The specifications of the MPEG1 standard state that the treated pictures are necessarily in a sequential form. If the original pictures are television pictures, i.e. pictures having two interlaced fields, these two fields considered for MPEG encoding as information components taken at the same instant correspond, however, to a lesser extent to data which in reality are spaced apart by inter-field intervals of 20 ms. In picture sequences in which the motion is very rapid, such a significant inter-field motion contributes to picture faults, such as comb effects which are due to the appearance of parasitic frequencies in the blocks.
In accordance with the MPEG1 standard each picture is cut up into macroblocks of 16.times.16 pixels comprising four blocks of 8.times.8 pixels for the luminance and two blocks of 8.times.8 pixels for the chrominance. FIG. 1 shows in such a macroblock a vertical structure whose alignment is satisfactorily maintained in the absence of motion, even if the lines of this macroblock alternately correspond to the one or the other of the two interlaced fields which are 20 ms apart. FIG. 2 shows the same vertical structure in the case where the inter-field motion is significant and where the comb effect appears due to time-shifting of the information components of the odd lines and those of the even lines of the macroblock.

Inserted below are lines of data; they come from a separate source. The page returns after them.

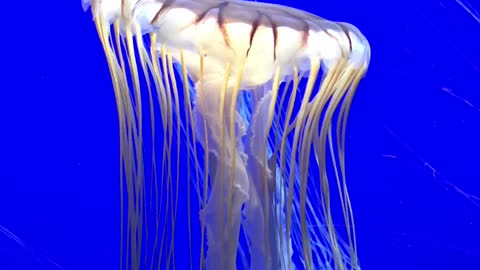 Atlanta Aquarium Jelly Fish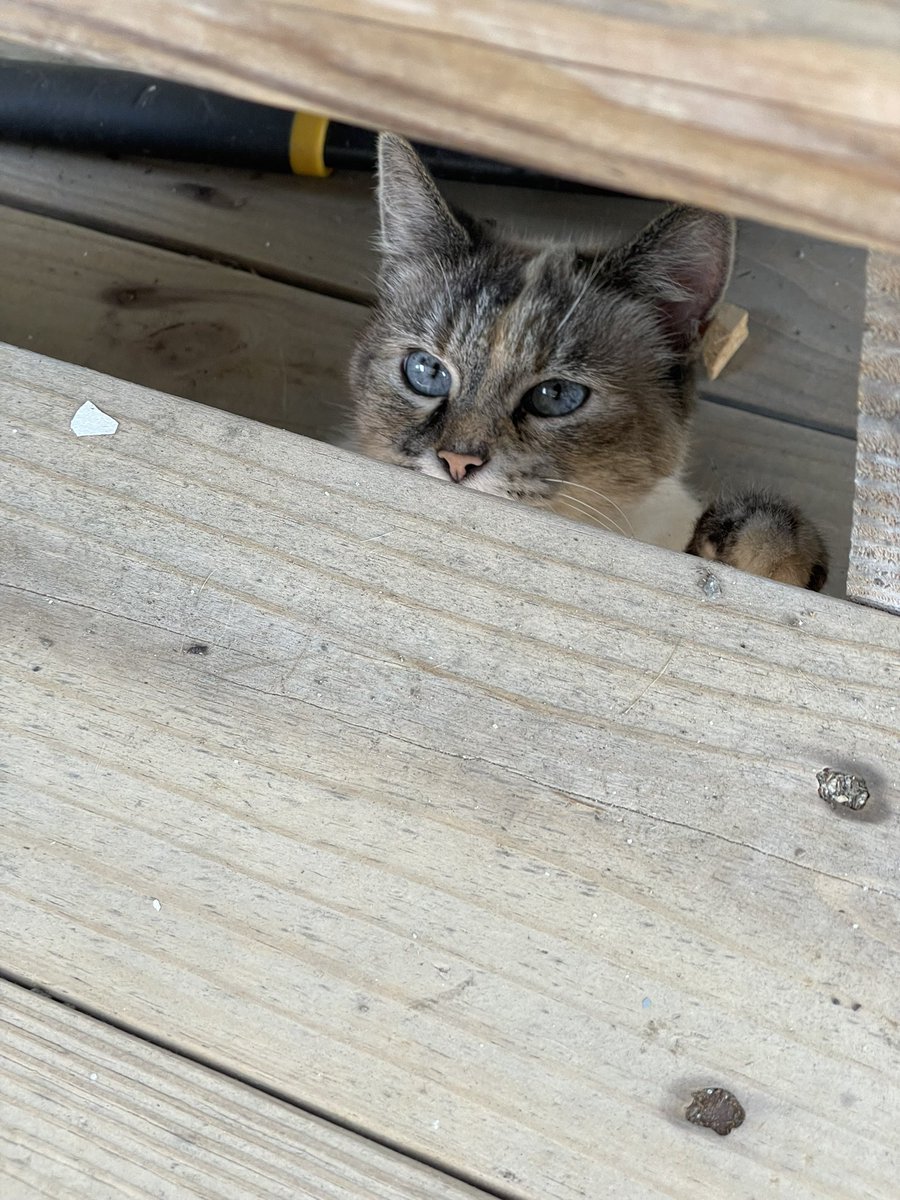 dtkordish's tweet photo. Who is it?
It’s Lucy
#neighborcat https://t.co/roLOEKP4s1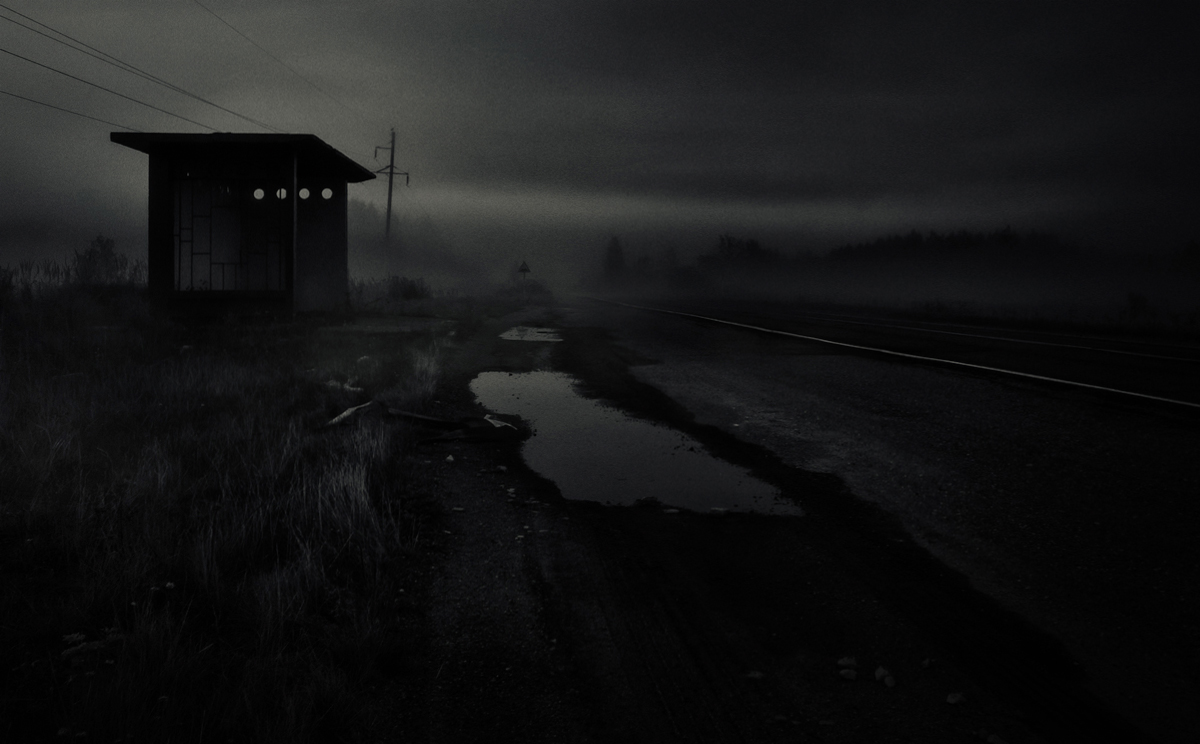 photo "The epilog" tags: black&white, genre, landscape, fog, morning, road, жизнь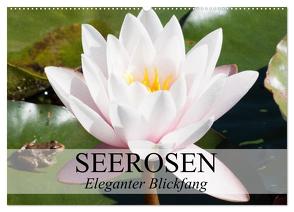 Seerosen – Eleganter Blickfang (Wandkalender 2024 DIN A2 quer), CALVENDO Monatskalender von Stanzer,  Elisabeth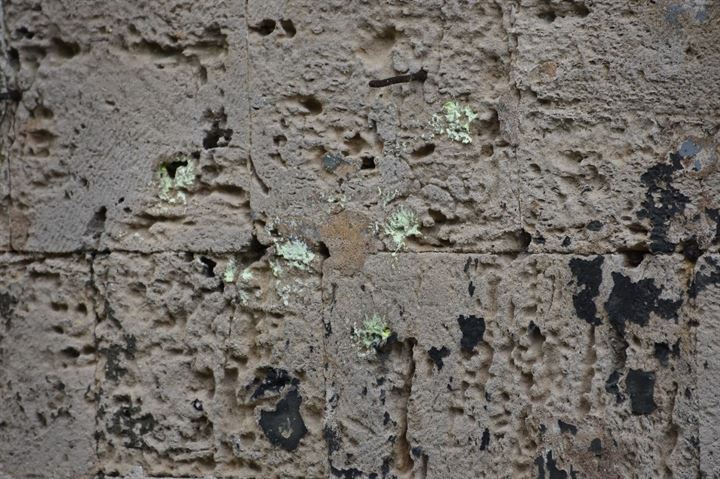 II. Abdülhamid'den kalan tabyayı oyun alanına çevirdiler - 0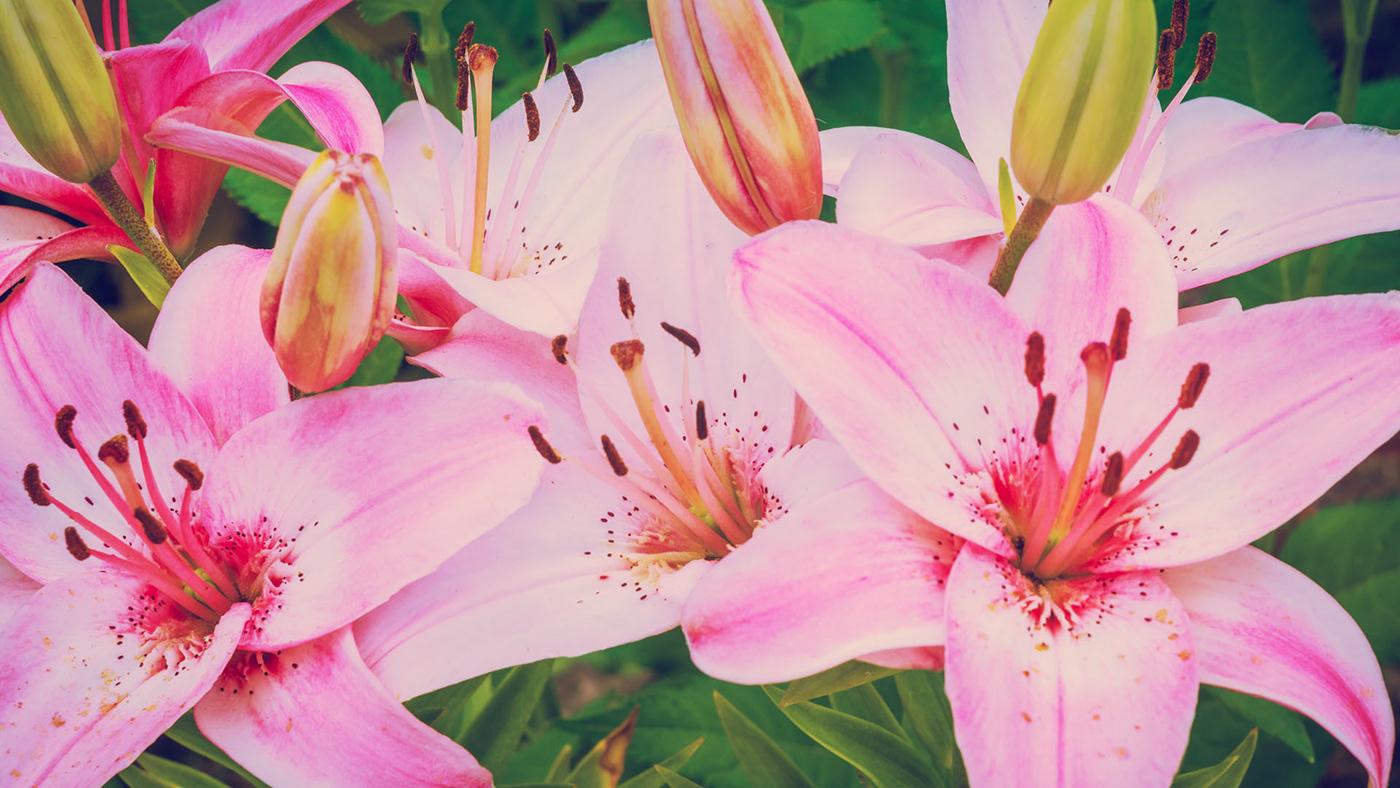 Lilies Flowers Wallpapers Top Free Lilies Flowers Backgrounds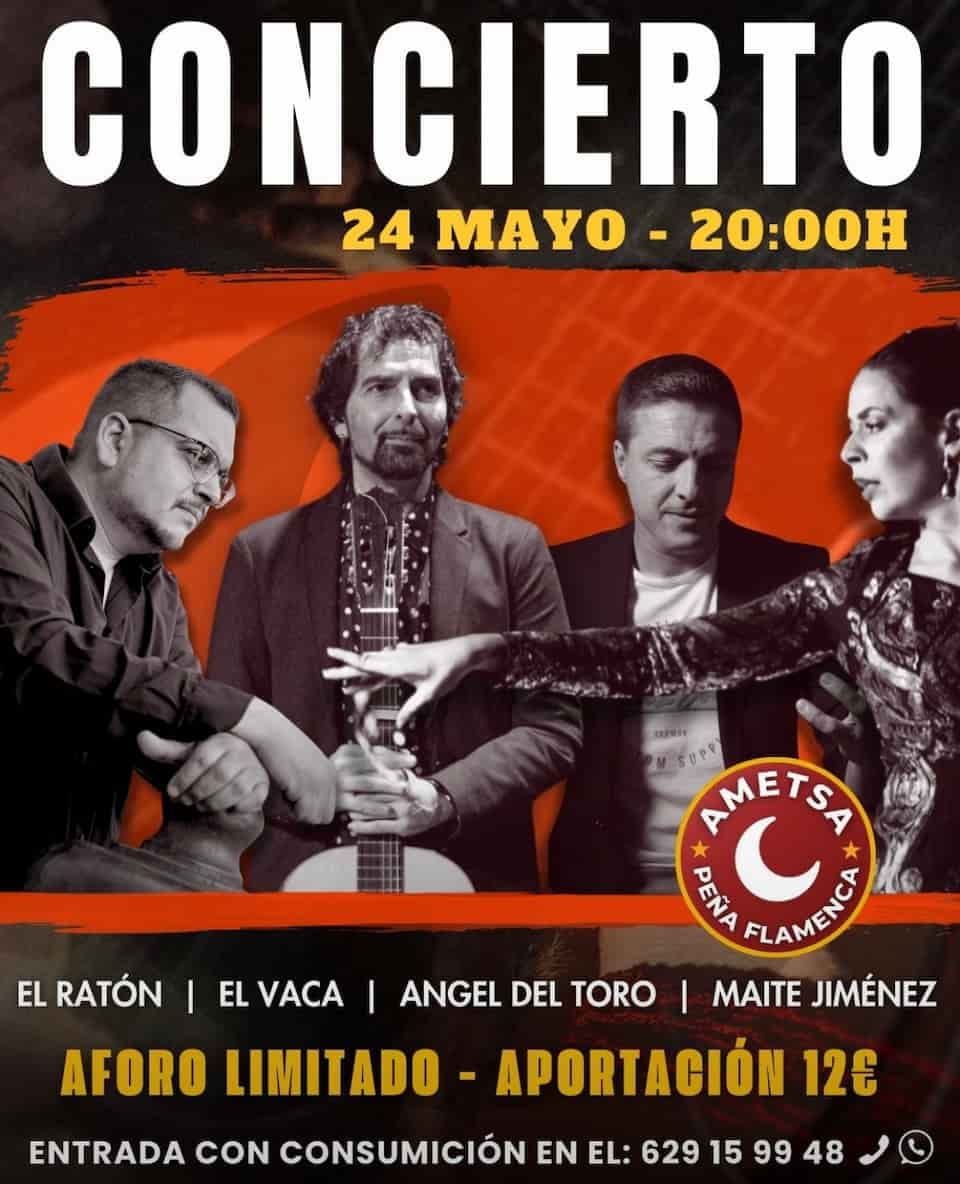 Ametsa Peña Flamenca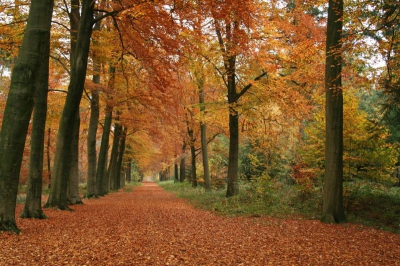 't Bos kan zooooo mooi zijn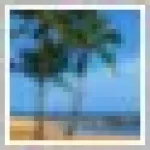 Android Image APP Maker Icon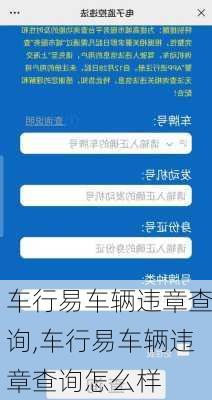 车行易车辆违章查询,车行易车辆违章查询怎么样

U.S. Pat. No. 5,091,782 describes a device for encoding digital video signals in which the two interlaced fields are treated in two distinct manners before encoding. On the one hand, the interlaced fields are separated and then subdivided into blocks which are subsequently each submitted to an orthogonal transform followed by a quantization, and on the other hand the blocks thus obtained and being in spatial conformity in the two fields are re-interlaced so as to be submitted to an orthogonal transform and a quantization. Error computations with respect to the signals before quantization are respectively effected on the two distinct sequences of signals thus quantized so that, in accordance with the motion in the original signals, the definitive selection of one of said two quantized signal sequences to be encoded can be made, viz. the sequence with which the smallest error is associated.